9.2.1. Bisecting (finding the upstream version that introduced a bug)

When a bug is easy to reproduce locally but hard to get developers to reproduce (as is often true of workflow- or hardware-dependent bugs), it can be useful to compile and test a few versions to narrow down what changes introduced the regression.

To start, recreate the problem with a vanilla kernel:

# apt-get install git build-essential
$ git clone git://git.kernel.org/pub/scm/linux/kernel/git/torvalds/linux.git
$ cd linux

The above commands acquire a vanilla kernel. Configure, build and test a binary package as explained in Section 4.5, “Building a custom kernel from Debian kernel source”:

$ make localmodconfig  # minimal configuration
$ scripts/config --disable DEBUG_INFO  # to keep the build reasonably small
$ make deb-pkg
# dpkg -i ../linux-image-3.5.0_3.5.0-1_i386.deb  # substitute package name from the previous command
# reboot

If the bug doesn't show up, try again with the official configuration file from /boot. (If it still doesn't show up after that, declare victory and celebrate.)

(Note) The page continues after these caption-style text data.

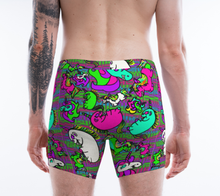 Load image into Gallery viewer, Psycho Unicorn Boxer Briefs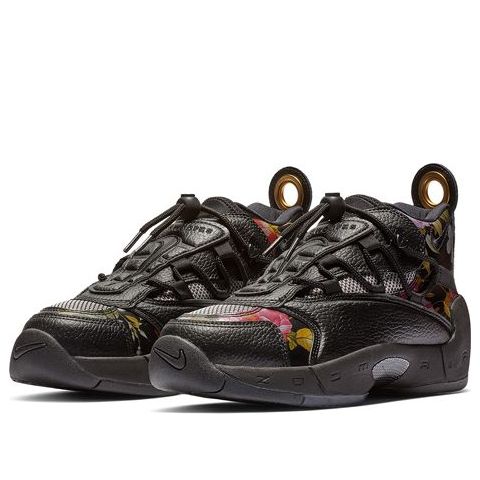 (WMNS) Nike Air Swoopes 2 'Floral' 917592-002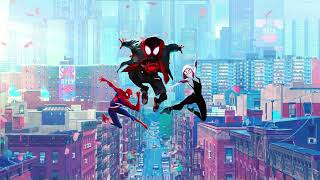 live wallpapers Into the Spider Verse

Initialize the bisection process by declaring which versions worked and did not work:

$ cd linux
$ git bisect start
$ git bisect good v3.0  # or whichever was known to be good
$ git bisect bad  # current version is bad

Now git checks out a version half-way in between to test. Build it, reusing the prepared configuration.

$ make silentoldconfig
$ make deb-pkg

Install the package, reboot, and test.

$ git bisect good  # if this version doesn't exhibit the bug
$ git bisect bad  # if it does
$ git bisect skip  # if some other bug makes it hard to test

And on to the next iteration:

$ make silentoldconfig
$ make deb-pkg

At the end of the process, the name of the "first bad commit" is printed, which is very useful for tracking down the bug. Narrowing down the regression range with a few rounds is useful even if you don't get that far; in that case, run git bisect log to produce a log. If you are the visual sort of person, git bisect visualize with the gitk package installed can show what is happening between steps.

See Christian Couder's article "Fighting regressions with git bisect" from kernel.org or the git-doc package for details.